RECORDED INFORMATION below:
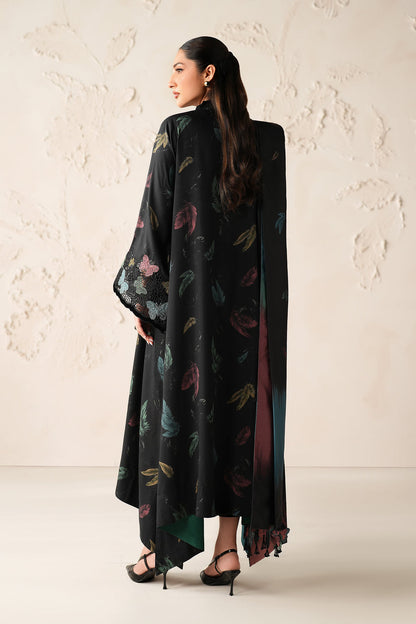 BAROQUE VISCOSE MULTI PRINTED 2026 LAWN COLLECTION| UNSTITCHED 3 PCS BY SHAEBIZ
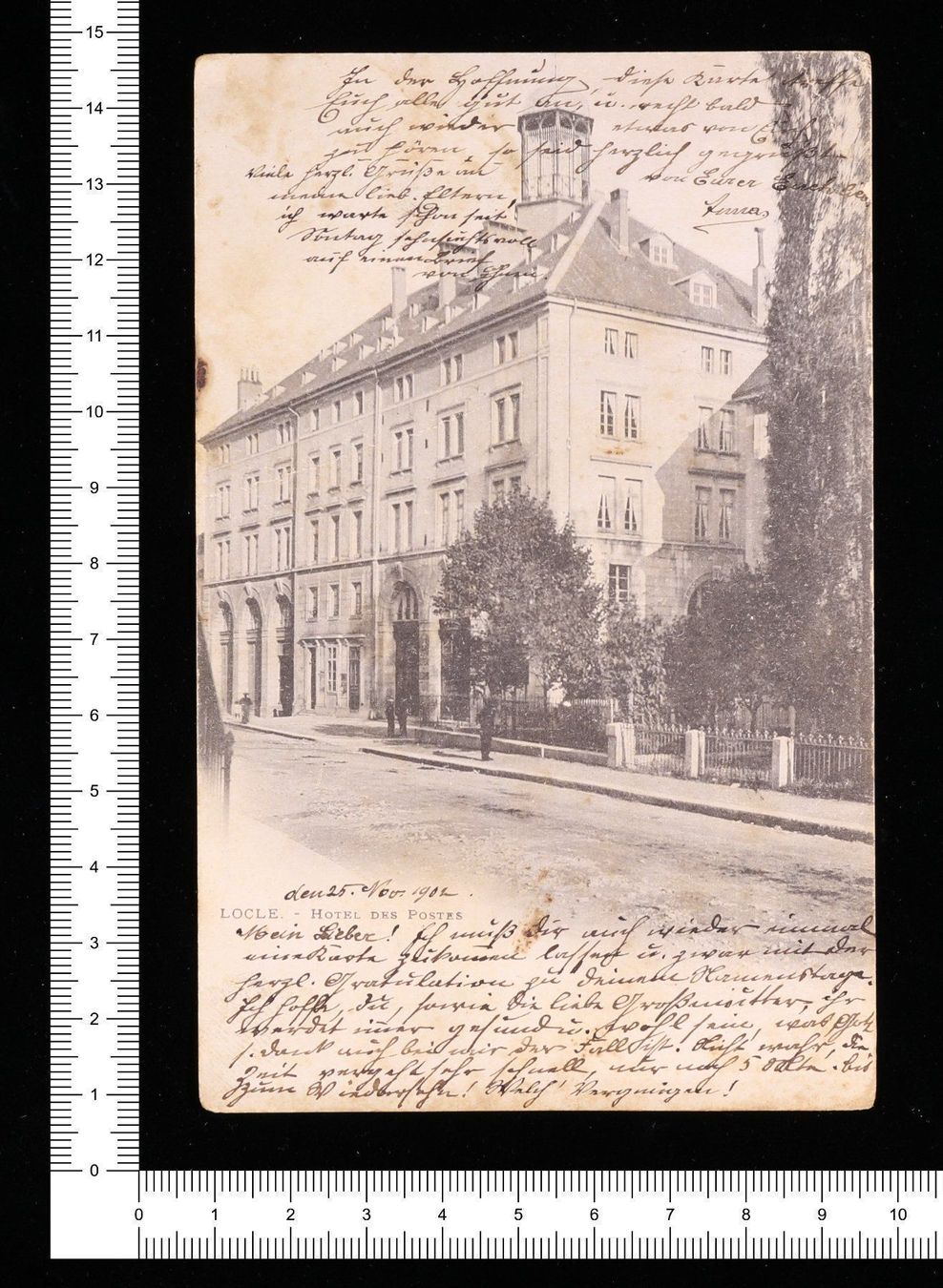 Cartoline postali: Locle - Hotel des Postes – Usato da Riehen venduto da Tignanello1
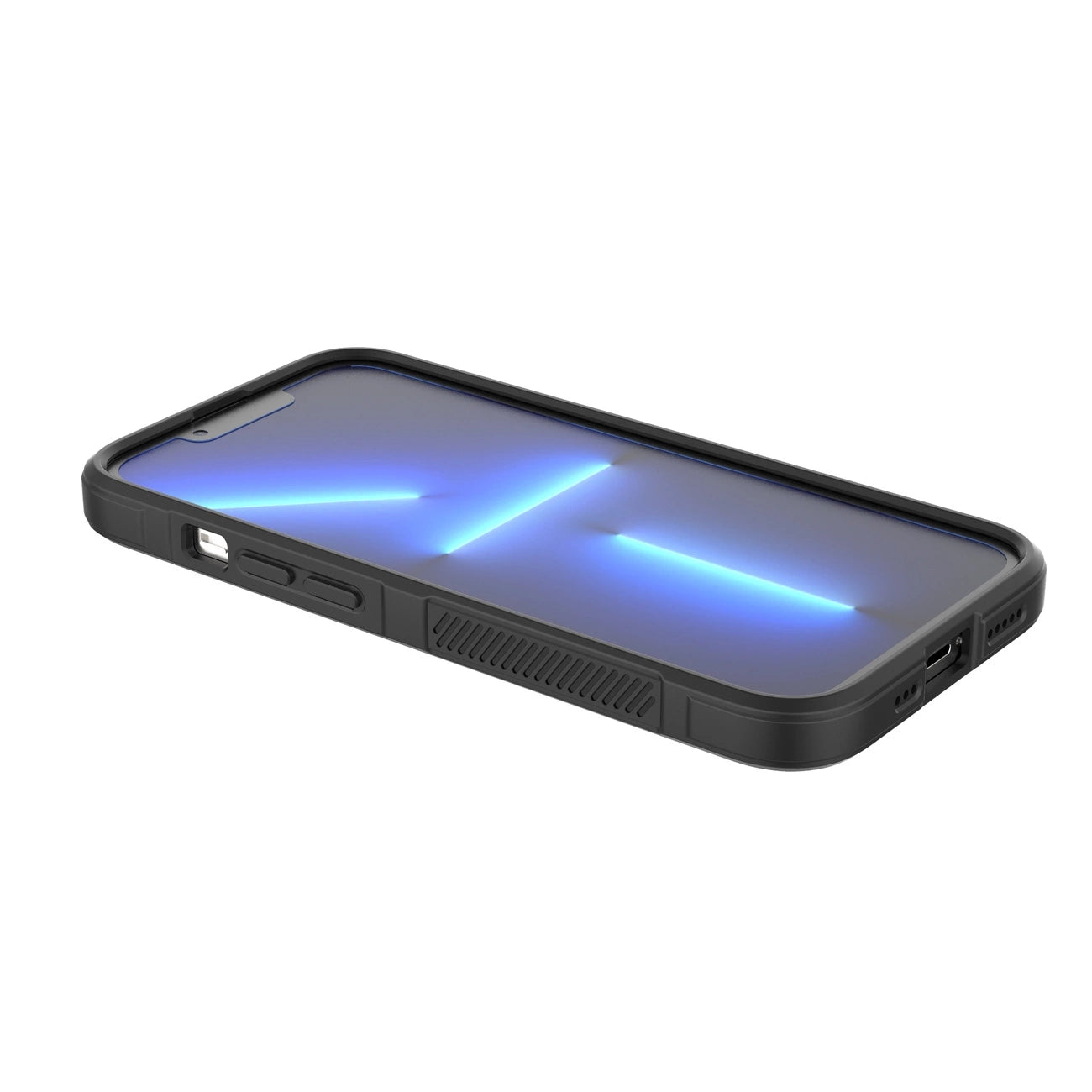 Magic Shield Case for iPhone 13 Pro flexible armored cover light blue_10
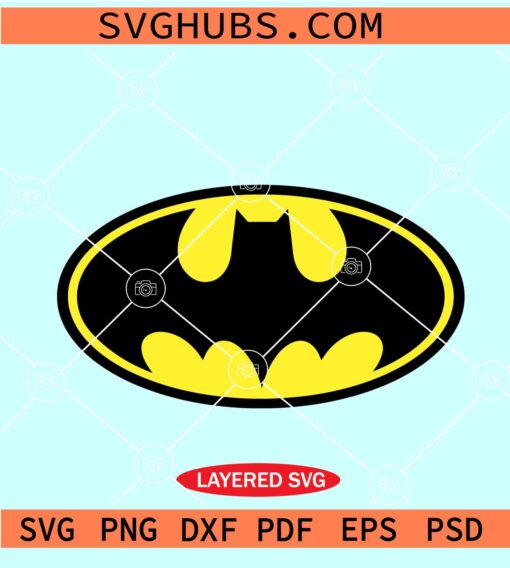 Batman logo SVG layered, Batman Begins SVG, Batman PNG DXF EPS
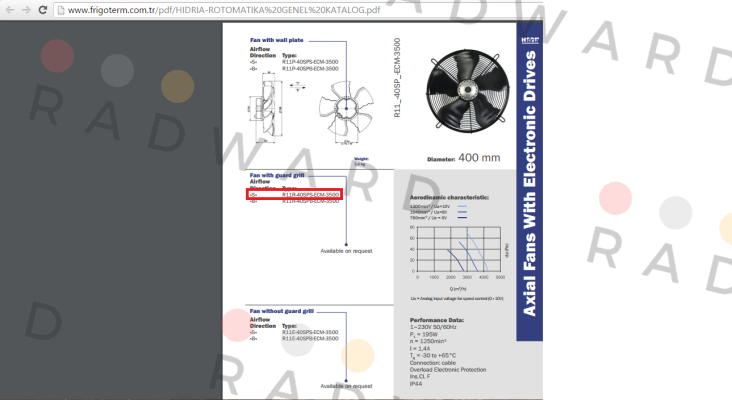 Hidria-R11R-40SPS-ECM-3500 price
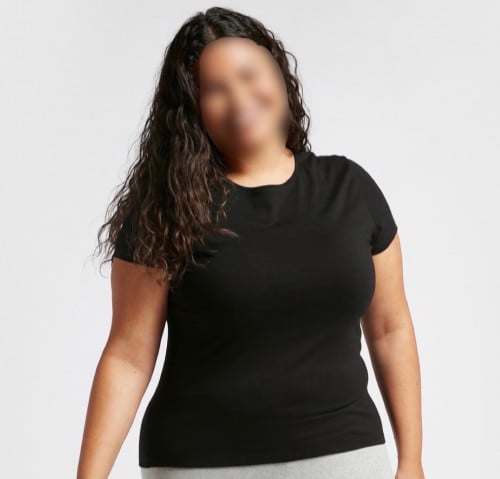 بلوزة نسائي جيب دائري ماركة ماكس - مقاسات كبيرة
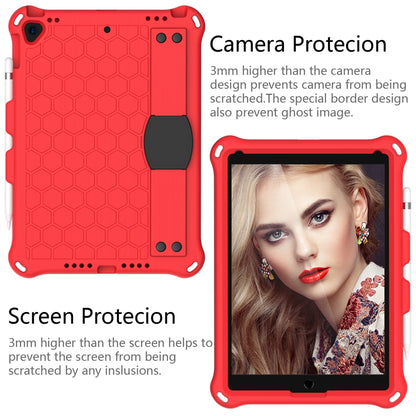 Honeycomb Texture EVA Tablet Hybrid Shell with Shoulder Strap for iPad 10.2 (2021)/(2020)/(2019)/iPad Pro 10.5-inch (2017)/iPad Air 10.5 inch (2019)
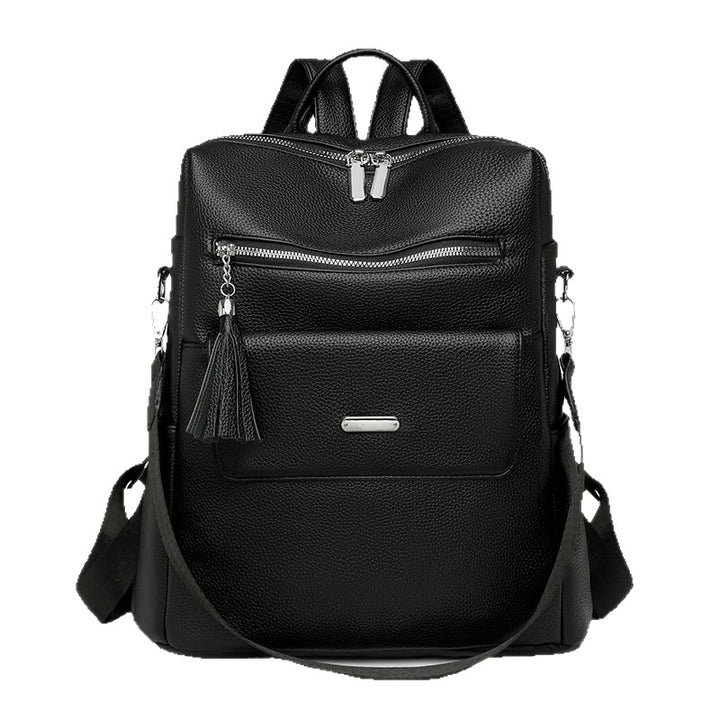 Stylish Multi-Pocket Leather Backpack Bowlift 1788673935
End of RECORDED INFORMATION.
▸ PROBLEM TO SOLVE:
Write out, word for word, the lines running from the one containing "Hidria-R11R-40SPS-ECM-3500 price" to the end of the data above; the pictures are to be left out.

▸ TASK RESPONSE:
 Hidria-R11R-40SPS-ECM-3500 price
 بلوزة نسائي جيب دائري ماركة ماكس - مقاسات كبيرة
 Honeycomb Texture EVA Tablet Hybrid Shell with Shoulder Strap for iPad 10.2 (2021)/(2020)/(2019)/iPad Pro 10.5-inch (2017)/iPad Air 10.5 inch (2019)
 Stylish Multi-Pocket Leather Backpack Bowlift 1788673935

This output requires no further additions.